An open API service indexing awesome lists of open source software.

https://github.com/cardmagic/simple-rss

A simple, flexible, extensible, and liberal RSS and Atom reader for Ruby. It is designed to be backwards compatible with the standard RSS parser, but will never do RSS generation.
https://github.com/cardmagic/simple-rss

Last synced: 17 days ago
JSON representation

A simple, flexible, extensible, and liberal RSS and Atom reader for Ruby. It is designed to be backwards compatible with the standard RSS parser, but will never do RSS generation.

Awesome Lists containing this project

README

          

# SimpleRSS

[![Gem Version](https://badge.fury.io/rb/simple-rss.svg)](https://badge.fury.io/rb/simple-rss)
[![CI](https://github.com/cardmagic/simple-rss/actions/workflows/ruby.yml/badge.svg)](https://github.com/cardmagic/simple-rss/actions/workflows/ruby.yml)
[![License: LGPL](https://img.shields.io/badge/License-LGPL-blue.svg)](https://opensource.org/licenses/LGPL-3.0)

A simple, flexible, extensible, and liberal RSS and Atom reader for Ruby. Designed to be backwards compatible with Ruby's standard RSS parser while handling malformed feeds gracefully.

## Features

- Parses both RSS and Atom feeds
- Tolerant of malformed XML (regex-based parsing)
- Built-in URL fetching with conditional GET support (ETags, Last-Modified)
- JSON and XML serialization
- Extensible tag definitions
- Zero runtime dependencies

## What's New in 2.0

Version 2.0 is a major update with powerful new capabilities:

- **URL Fetching** - One-liner feed fetching with `SimpleRSS.fetch(url)`. Supports timeouts, custom headers, and automatic redirect following.

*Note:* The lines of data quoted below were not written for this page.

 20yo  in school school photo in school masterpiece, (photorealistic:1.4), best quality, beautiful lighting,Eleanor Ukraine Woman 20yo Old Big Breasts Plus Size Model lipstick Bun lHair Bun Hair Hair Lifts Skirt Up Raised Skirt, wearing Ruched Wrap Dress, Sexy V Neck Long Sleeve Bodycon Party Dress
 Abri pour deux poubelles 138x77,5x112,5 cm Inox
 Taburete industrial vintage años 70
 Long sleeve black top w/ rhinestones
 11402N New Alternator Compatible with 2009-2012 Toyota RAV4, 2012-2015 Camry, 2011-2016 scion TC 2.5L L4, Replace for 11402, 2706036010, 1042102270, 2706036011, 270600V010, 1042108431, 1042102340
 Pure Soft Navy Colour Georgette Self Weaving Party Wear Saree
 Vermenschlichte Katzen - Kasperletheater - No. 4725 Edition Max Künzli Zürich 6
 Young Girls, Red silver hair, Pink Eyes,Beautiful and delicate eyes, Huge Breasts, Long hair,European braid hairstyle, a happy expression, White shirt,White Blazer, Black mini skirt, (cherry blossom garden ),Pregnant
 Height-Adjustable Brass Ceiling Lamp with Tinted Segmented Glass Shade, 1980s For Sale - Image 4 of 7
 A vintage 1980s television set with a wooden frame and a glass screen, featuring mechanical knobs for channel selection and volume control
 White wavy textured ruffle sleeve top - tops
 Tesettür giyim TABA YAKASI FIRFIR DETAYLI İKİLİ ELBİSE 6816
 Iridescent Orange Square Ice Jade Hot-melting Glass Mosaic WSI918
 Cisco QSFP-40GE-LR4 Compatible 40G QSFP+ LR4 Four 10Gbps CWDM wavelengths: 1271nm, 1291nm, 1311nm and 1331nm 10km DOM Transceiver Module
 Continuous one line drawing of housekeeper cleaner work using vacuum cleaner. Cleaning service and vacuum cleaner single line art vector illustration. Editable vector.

- **Conditional GET** - Bandwidth-efficient polling with ETag and Last-Modified support. Returns `nil` when feeds haven't changed (304 Not Modified).

- **JSON Serialization** - Export feeds with `to_json`, `to_hash`, and Rails-compatible `as_json`. Time objects serialize to ISO 8601.

- **XML Serialization** - Convert any parsed feed to clean RSS 2.0 or Atom XML with `to_xml(format: :rss2)` or `to_xml(format: :atom)`.

- **Array Tags** - Collect all occurrences of a tag (like multiple categories) with the `array_tags:` option.

- **Attribute Parsing** - Extract attributes from feed, item, and media tags using the `tag#attr` syntax.

- **UTF-8 Normalization** - All parsed content is automatically normalized to UTF-8 encoding.

- **Modern Ruby** - Full compatibility with Ruby 3.1 through 4.0, with RBS type annotations and Steep type checking.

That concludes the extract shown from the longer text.